An index of builders’ confidence in the market for newly-built single-family homes declined in December to its lowest reading since May 2015.
But despite the 4 point drop in the National Association of Builders/Wells Fargo Housing Market Index, sentiment remains in positive territory with a reading of 56. Anything above 50 is good rather than poor.
“We are hearing from builders that consumer demand exists, but that customers are hesitating to make a purchase because of rising home costs,” said NAHB Chairman Randy Noel. “However, recent declines in mortgage interest rates should help move the market forward in early 2019.”
Northeast leads regional declines
Looking at the three-month moving average for the index, the Northeast registered the largest drop – of 8 points to 50; the West was down 3 points to 68; the South was also down 3 points, to 65; and the Midwest slipped 2 points to 55.
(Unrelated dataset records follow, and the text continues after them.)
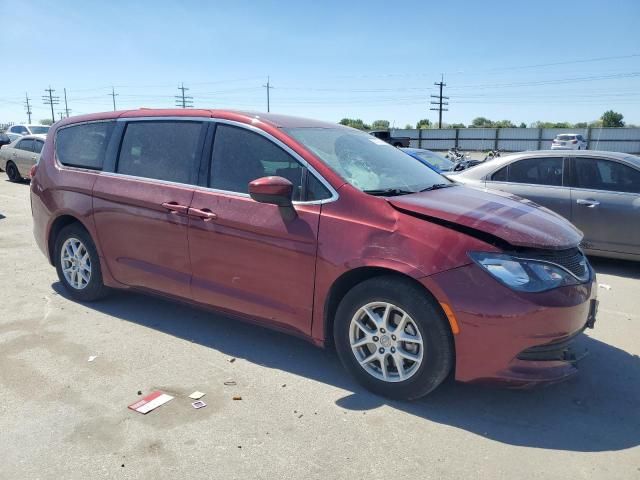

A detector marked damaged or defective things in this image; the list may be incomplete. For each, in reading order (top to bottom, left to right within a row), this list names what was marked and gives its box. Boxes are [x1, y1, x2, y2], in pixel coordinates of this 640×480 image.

damaged front hood [388, 185, 584, 249] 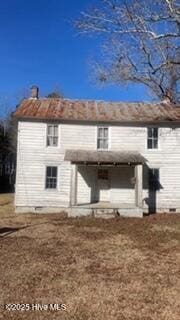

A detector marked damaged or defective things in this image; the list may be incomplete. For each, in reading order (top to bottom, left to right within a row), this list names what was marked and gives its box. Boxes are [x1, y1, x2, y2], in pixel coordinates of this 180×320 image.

rusty metal roof [14, 97, 180, 122] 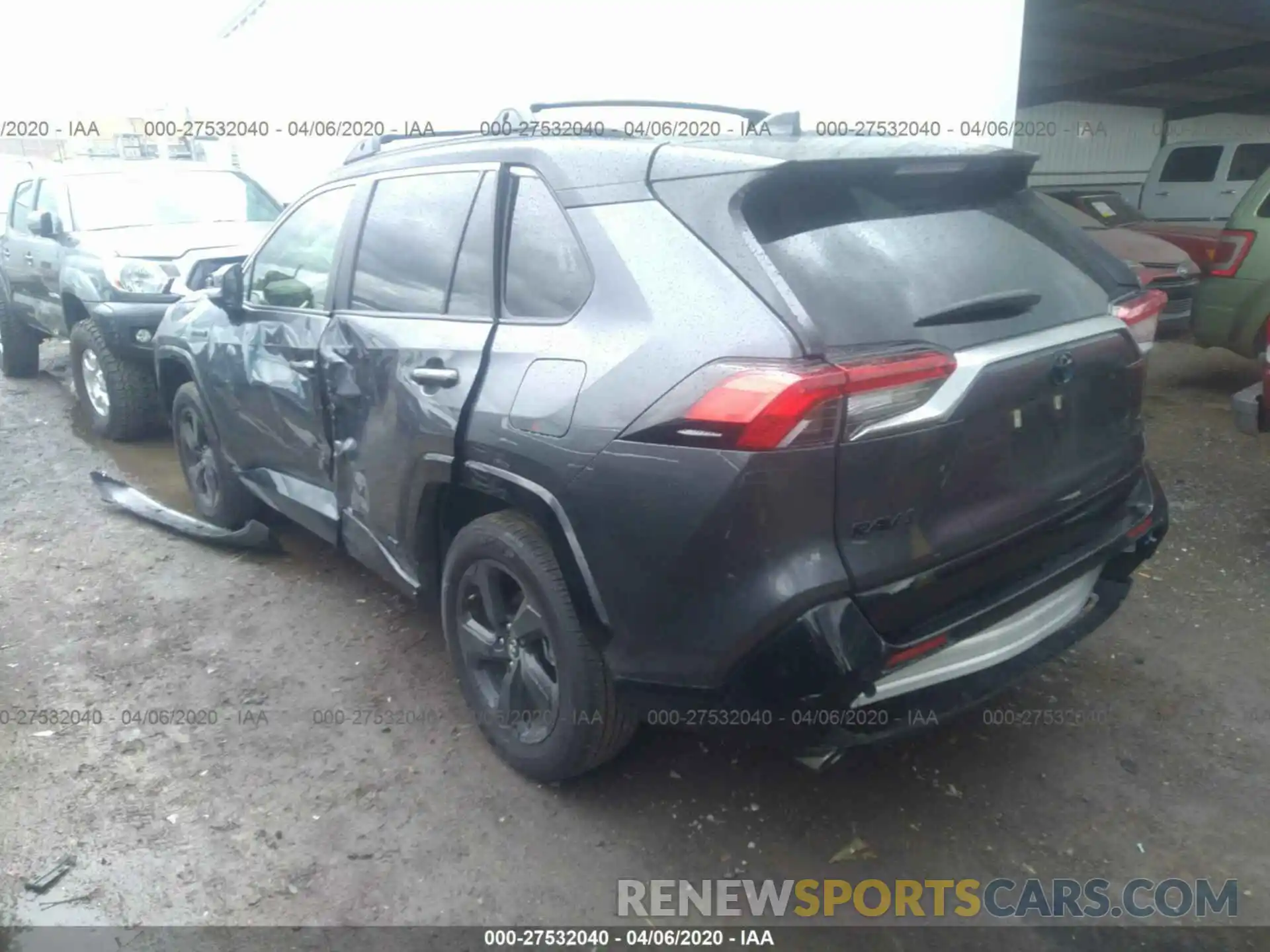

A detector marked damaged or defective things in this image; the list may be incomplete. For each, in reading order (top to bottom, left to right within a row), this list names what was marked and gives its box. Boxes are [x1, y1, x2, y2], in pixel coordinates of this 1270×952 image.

damaged toyota rav4 [151, 110, 1169, 783] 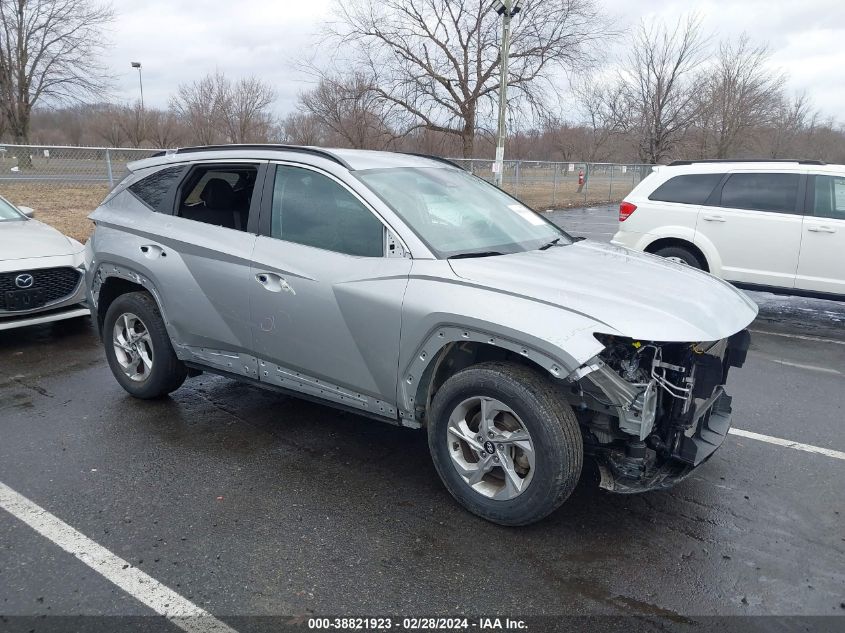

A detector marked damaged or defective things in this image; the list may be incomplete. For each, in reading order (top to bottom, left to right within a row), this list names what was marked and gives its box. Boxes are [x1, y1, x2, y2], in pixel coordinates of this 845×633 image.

crumpled hood [0, 218, 80, 260]
damaged silver suv [85, 146, 756, 524]
crumpled hood [448, 239, 760, 344]
crushed front end [564, 328, 748, 492] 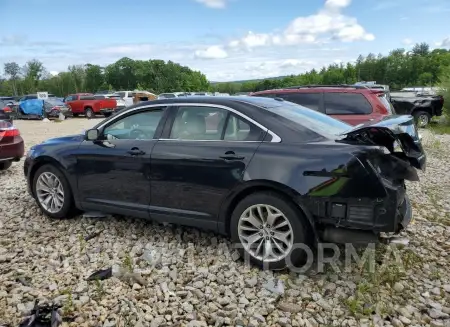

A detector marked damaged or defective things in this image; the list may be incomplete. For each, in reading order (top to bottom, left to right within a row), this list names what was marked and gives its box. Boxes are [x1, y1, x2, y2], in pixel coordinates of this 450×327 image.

“The fact that builder confidence dropped significantly in areas of the country with high home prices shows how the growing housing affordability crisis is hurting the market,” said NAHB Chief Economist Robert Dietz. “This housing slowdown is an early indicator of economic softening, and it is important that builders manage supply-side costs to keep home prices competitive for buyers at different price points.”
The index measuring current sales conditions fell six points to 61, the component gauging expectations in the next six months dropped four points to 61, and the metric charting buyer traffic edged down two points to 43.